In the experiment, psychologists Roy Baumeister and Dianne Tice placed freshly-baked cookies (yum) next to a bowl of radishes (yuck). Some participants were instructed to eat only radishes, while others could have cookies. Afterward, each volunteer attempted to solve an intentionally impossible puzzle. The cookie group spent an average of 19 minutes on the puzzle, similar to those in a control group who had no snacks. The radish group, however, gave up after an average of only eight minutes.
Baumeister and Tice suggested that this demonstrated a crucial insight: humans possess a limited reservoir of willpower, which diminishes with excessive use. Resisting the urge to indulge in cookies while eating a radish instead is a taxing act of self-control, one that negatively affects our ability to tackle future challenges.

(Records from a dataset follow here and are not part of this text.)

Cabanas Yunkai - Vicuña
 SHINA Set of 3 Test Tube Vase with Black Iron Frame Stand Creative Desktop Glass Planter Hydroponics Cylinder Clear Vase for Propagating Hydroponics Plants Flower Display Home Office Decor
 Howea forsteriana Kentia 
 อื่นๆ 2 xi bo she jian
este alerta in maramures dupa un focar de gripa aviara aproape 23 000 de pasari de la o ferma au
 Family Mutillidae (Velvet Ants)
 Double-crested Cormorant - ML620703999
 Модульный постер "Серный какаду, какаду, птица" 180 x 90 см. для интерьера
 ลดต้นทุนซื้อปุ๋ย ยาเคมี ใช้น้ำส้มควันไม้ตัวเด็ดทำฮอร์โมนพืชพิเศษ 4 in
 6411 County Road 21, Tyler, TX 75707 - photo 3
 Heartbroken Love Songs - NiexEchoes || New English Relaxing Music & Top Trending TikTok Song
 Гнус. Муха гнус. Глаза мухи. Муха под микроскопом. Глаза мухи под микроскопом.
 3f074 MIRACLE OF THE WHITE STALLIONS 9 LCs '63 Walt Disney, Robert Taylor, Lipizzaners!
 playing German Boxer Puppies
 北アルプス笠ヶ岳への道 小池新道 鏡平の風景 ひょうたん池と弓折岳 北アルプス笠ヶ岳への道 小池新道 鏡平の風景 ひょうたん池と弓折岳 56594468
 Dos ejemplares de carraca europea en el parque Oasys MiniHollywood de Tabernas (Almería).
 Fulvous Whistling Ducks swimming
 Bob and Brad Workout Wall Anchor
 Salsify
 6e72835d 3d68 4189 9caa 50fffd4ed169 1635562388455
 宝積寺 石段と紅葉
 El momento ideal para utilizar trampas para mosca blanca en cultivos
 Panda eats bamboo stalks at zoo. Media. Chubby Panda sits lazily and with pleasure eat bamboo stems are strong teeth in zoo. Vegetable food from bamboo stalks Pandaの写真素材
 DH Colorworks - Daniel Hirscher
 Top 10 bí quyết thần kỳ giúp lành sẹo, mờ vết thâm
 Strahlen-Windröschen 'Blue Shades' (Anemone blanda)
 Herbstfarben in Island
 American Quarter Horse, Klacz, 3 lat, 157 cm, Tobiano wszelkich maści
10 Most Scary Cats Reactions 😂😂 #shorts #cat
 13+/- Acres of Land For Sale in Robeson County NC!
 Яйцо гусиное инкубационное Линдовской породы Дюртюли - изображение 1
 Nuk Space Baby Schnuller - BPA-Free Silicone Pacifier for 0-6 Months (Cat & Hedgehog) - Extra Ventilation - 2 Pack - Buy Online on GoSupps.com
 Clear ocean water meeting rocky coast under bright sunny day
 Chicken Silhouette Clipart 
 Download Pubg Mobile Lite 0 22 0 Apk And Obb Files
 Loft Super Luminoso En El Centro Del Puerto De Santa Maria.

This discovery quickly gained traction, being widely cited to explain a broad range of cause-and-effect relationships, essentially arguing that our willpower reserves significantly influence our ability to successfully complete tasks. In 2011, Baumeister furthered the idea with his best-selling book, 'Willpower: Rediscovering the Greatest Human Strength.'
Accepted wisdom, right? Not quite…
1. A Simple Correction to Common Sense?

Fortunately, the practice of conducting replications offers researchers across various fields valuable insights into which experiments are likely to succeed in future replications – and, by excluding the rest, helps identify those that are conceptually flawed.
With the replication crisis now widely recognized, more thoughtful replication studies can help refine scientists' instincts about which hypotheses are truly worth testing and which are not. In this way, the careful process of replication can lead to a more practical and grounded approach to new theories and experiments.
Take, for example, a replication study led by psychologist Brian Nosek, Director of the Center for Open Science. This study featured a prediction element, where a group of scientists made bets on which studies they believed would replicate and which would not.
Interestingly, the predictions mostly matched the final outcomes, demonstrating that the scientists had a sort of professional 'bullshit detector.' Among the experiments they predicted would fail to replicate was a study claiming that simply washing one's hands could alleviate 'post-decisional dissonance' – a fancy way of describing confirmation bias that helps us justify tough decisions after the fact.
The encouraging takeaway is that resolving a complex crisis can be greatly aided by a simple quality: common sense. If a study sounds too good to be true, it probably is.